From: Eugene Leitl (eugene.leitl@lrz.uni-muenchen.de)
Date: Sun Sep 24 2000 - 02:43:28 MDT


Eliezer S. Yudkowsky writes:
 
> Oh, why bother. I really am starting to get a bit frustrated over here. I've
> been talking about this for weeks and it doesn't seem to have any effect
> whatsoever. Nobody is even bothering to distinguish between subgoals and
> supergoals. You're all just playing with words.

Ahem. Pot calling the kettle black.

The reason we can't connect is, well, because you seem to be just
playing with words. There are serious objections to the way you want
to build the thing and what the thing is supposed to do which can only
be resolved by showing evidence.

Maybe it is really time to fire up the text editor to begin with the
architecture outline.

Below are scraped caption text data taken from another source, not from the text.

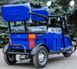 Електроскутер трехколісний VEGA HELP 650 ELS-002 фото 9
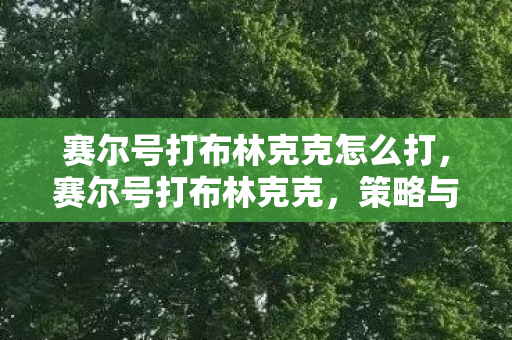 赛尔号打布林克克怎么打,赛尔号打布林克克,策略与技巧的深度剖析 赛尔号打布林克克怎么打,赛尔号打布林克克,策略与技巧的深度剖析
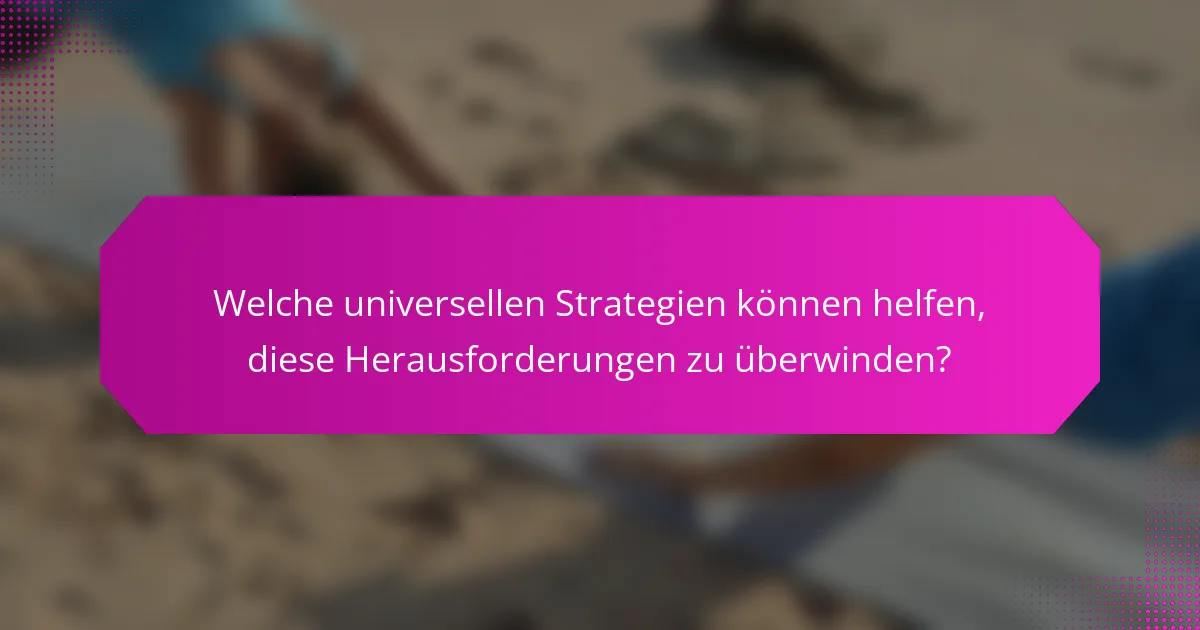 Welche universellen Strategien können helfen, diese Herausforderungen zu überwinden?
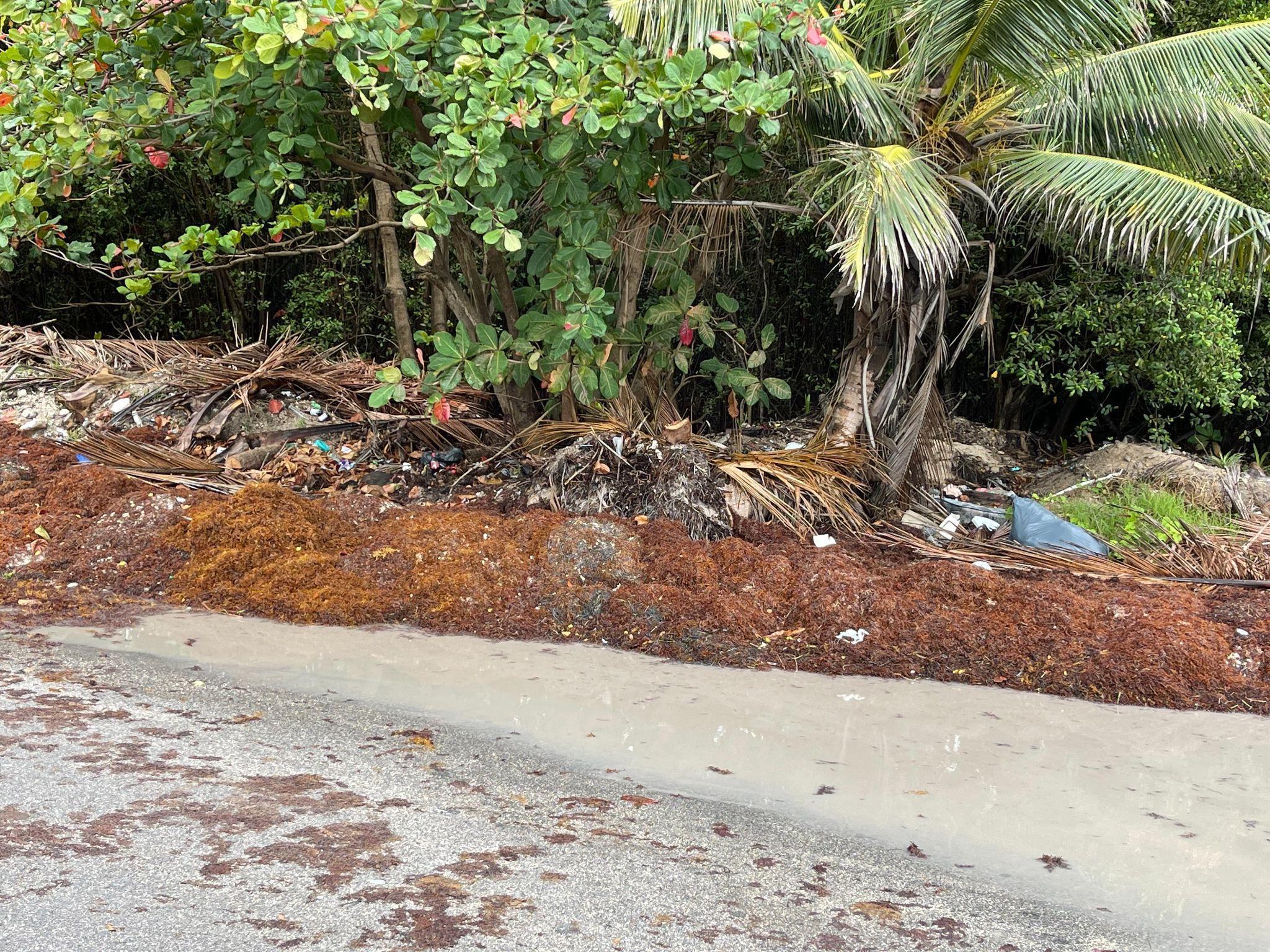 Sargassum removed on beach rotting along a road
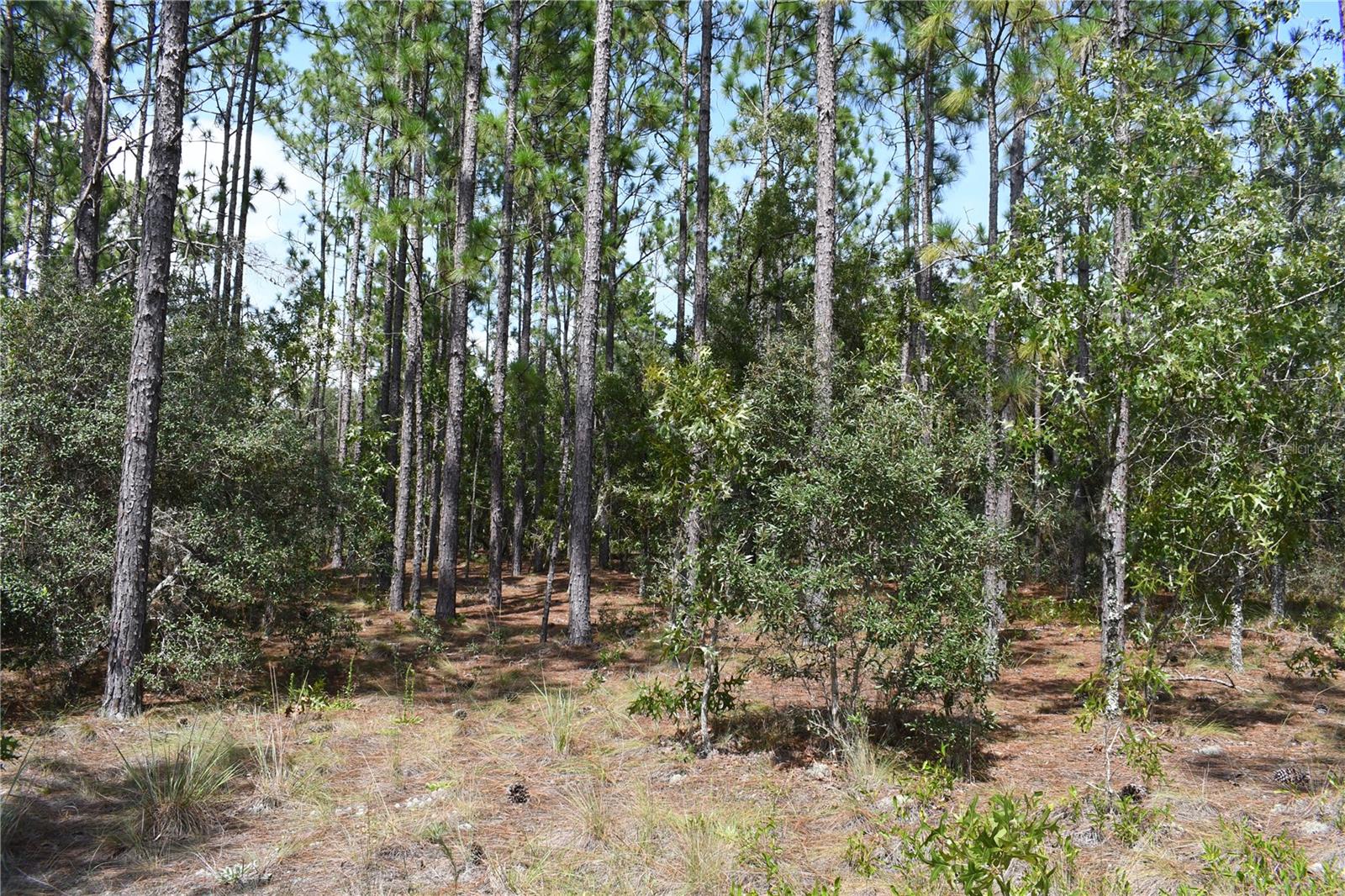 TBD SE 136TH AVE, DUNNELLON, FL, 34431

Look at packages which adaptively rewrite parts
of their source (maybe James Rogers will part with some of his
proprietary magick), at the way they do it, and on their
limitations. Because the system will have to be distributed, and hence
portable, it is probably a good idea to use Java. Latest compilers
seem to have reduced the performace gap to just a factor of 2-3. You
might want put it up at SourceForge, or keep it closed source,
whatever makes more sense.

But whatever you do, your ASCII should come as specs and source, not
posts, if you want to convince us.

And nothing convinces like a killer demo.